Hopefully, this should save someone having to replace a battery. After I managed to kill the OEM jar on my TT, here are some lessons I'm passing on. Right now, I just replaced the battery with a generic deep cycle from a local auto parts store, but once this festival rolls around, that battery will be used for the macerator pump, and I'll be getting two AGM jars. My lessons:
1: My single stage RV converter did a decent job at boiling the battery at 13.8 VDC. Replacing the converter isn't a priority, although if I did want to keep my trailer, I'd pull that converter and install either a better, three stage one that is gentler on the batteries, or a complete inverter.
2: If using a furnace, "one battery, one night" as a rule of thumb. Even if the furnace came on every couple minutes per hour to keep the temperature at 40, the 7-10 ampere-hour drain resulted in a dead jar while stored, even with running a generator for a few hours weekly to charge it.
3: If one doesn't want to be bothered with watering the cells, probably the best thing to do is get two Optima Blues in parallel, and that solves that. Of course, these are fairly expensive ($200-$250, although I found one place that sells them for $125 or so with a coupon), and have about 75% of the amp-hours that other AGMs do (75 Ah each), but supposedly these batteries are extremely hard to kill, other than leaving them for months in a completely discharged state. Where I live, it is hard to find any other good AGM battery other than the Optimas.
4: Schumacher chargers do an OK job charging, but once charged, they will go into float mode. However, if the battery starts getting drained, they seem to remain in float mode, and won't go back to a normal charging mode unless manually nudged. This did the coup de grace on my old battery, as I was expecting 10 amps/hour coming into the battery, so I could leave the furnace set on 40. Lesson learned: Have a 40A charger plugged in and on the battery as well when running off the generator.
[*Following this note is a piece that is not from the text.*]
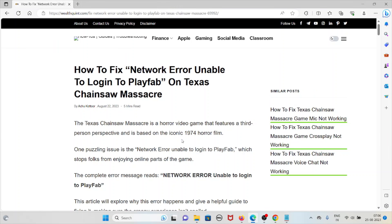Let's see how to fix the network error unable to log in to PlayFab on Texas Chainsaw Massacre. Texas Chainsaw Massacre is a horror video game featuring a third-person perspective, based on the iconic 1974 horror film. One puzzling issue is the network error unable to log in to PlayFab, which stops players from enjoying the online parts of the game.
5: When I put my TT back into storage, it is going with an 8A Battery MINDer, and with some access to shore power. That, or I just disconnect a cable.
It isn't the converter that killed them (I killed the battery by letting it completely discharge multiple times). However, a multi-stage converter is a lot easier on batteries than a single stage.
What is interesting is how relatively inexpensive good converters are. If I felt more confident, once my TT is out of warranty, I would pull the old one and put in a more sophisticated model that works better with AGM batteries.
One of the solar sites sold me my four Concorde Lifeline agms about 6 years ago. I can vouch for their ruggedness and durability.
The 4C battery size is the largest agm that can be shipped by regular UPS. When I bought mine I could not find a reseller for three states around me that could match the shipped price of the online dealer.
Those Optimas are rugged but really for folks who do not need many Ah's. Not even close in price per ah when I got my "gold standard" Concordes.
... I would pull the old one and put in a more sophisticated model that works better with AGM batteries.
It depends on which brand/model of AGM. One forum member here swears by his 7345 13.8v single stage for his AGMs because his AGMs are spec to that voltage. AGMs are all over the map for what voltages they require.